Самые трогательные страницы книги отданы теме детей. Вы отметите сдержанный рассказ о детстве Эстер, о ее крестной матери (в действительности тетке) мисс Барбери, постоянно внушавшей девочке чувство вины. Мы видим заброшенных детей филантропки миссис Джеллиби, осиротевших детей Неккета, маленьких подмастерье — «неопрятную хромую девочку в прозрачном платьице» и мальчугана, который «вальсировал один в пустой кухне», — берущих уроки в танцевальной школе Тарвидропа. Вместе с бездушной филантропкой миссис Пардигл мы посещаем семью кирпичника и видим мертвое дитя. Но среди всех этих несчастных детей, мертвых, живых и полуживых, самый горемычный, конечно, Джо, неведомо для себя близко связанный с темой тайны.
На дознании у коронера по случаю смерти Немо обнаруживается, что покойный разговаривал с мальчиком, который подметал перекресток на Канцлерской улице. Мальчика приводят.
«А! вот и мальчик, джентльмены!
Вот он здесь, очень грязный, очень охрипший, очень оборванный. Ну, мальчик!.. Но нет, погодите. Осторожней. Мальчику надо задать несколько предварительных вопросов.

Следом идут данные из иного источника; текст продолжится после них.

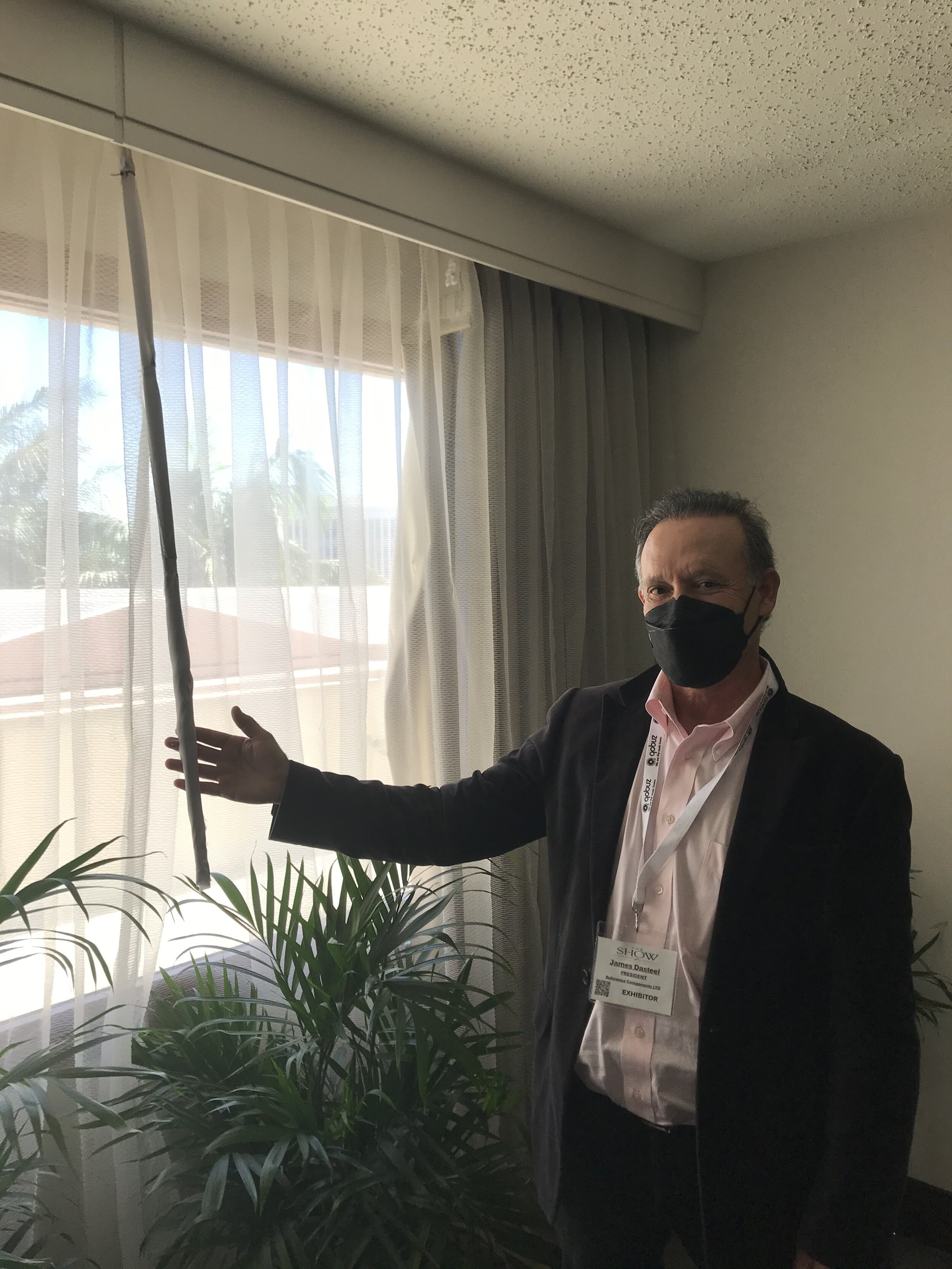 Jim Dasteel holding the silk-wrapped curtain rod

Зовут — Джо. Так и зовут, а больше никак. Что все имеют имя и фамилию, он не знает. Никогда и не слыхивал. Не знает, что «Джо» — уменьшительное от какого-то длинного имени. С него и короткого хватит. А чем оно плохо? Сказать по буквам, как оно пишется? Нет. Он по буквам сказать не может. Отца нет, матери нет, друзей нет. В школу не ходил. Местожительство? А что это такое? Вот метла она и есть метла, а врать нехорошо, это он знает. Не помнит, кто ему говорил насчет метлы и вранья, но так оно и есть. Не может сказать в точности, что с ним сделают после смерти, если он сейчас соврет этим джентльменам, — должно быть, очень строго накажут, да и поделом… — так что он скажет правду».
После расследования, на котором Джо не дозволяют свидетельствовать, мистер Талкингхорн, юрист, частным образом выслушивает его показания. Джо только помнит, «что как-то раз, студеным, зимним вечером, когда он, Джо, дрожал от холода у какого-то подъезда, неподалеку от своего перекрестка, человек оглянулся, повернул назад, расспросил его и, узнав, что у него нет на свете ни единого друга, сказал: "У меня тоже нет. Ни единого!" — и дал ему денег на ужин и ночлег. Помнит, что с тех пор человек часто с ним разговаривал и спрашивал, крепко ли он спит по ночам, и как переносит голод и холод, и не хочется ли ему умереть, и задавал всякие другие столь же странные вопросы».
«Очень уж он жалел меня, — говорит мальчик, вытирая глаза оборванным рукавом. — Поглядел я давеча, как он лежит вытянувшись — вот так, — и думаю: что бы ему услыхать, как я ему говорю про это. Очень уж он жалел меня, очень!»
Далее Диккенс пишет в стиле Карлейля, с поминальными повторами. Приходский надзиратель «со своей компанией нищих» уносит тело жильца, «тело новопреставленного возлюбленного брата нашего на затиснутое в закоулок кладбище, зловонное и отвратительное, источник злокачественных недугов, заражающих тела возлюбленных братьев и сестер наших, еще не преставившихся… На скверный клочок земли, который турок отверг бы, как ужасающую мерзость, при виде которого содрогнулся бы кафр, приносят нищие новопреставленного возлюбленного брата нашего, чтобы похоронить его по христианскому обряду.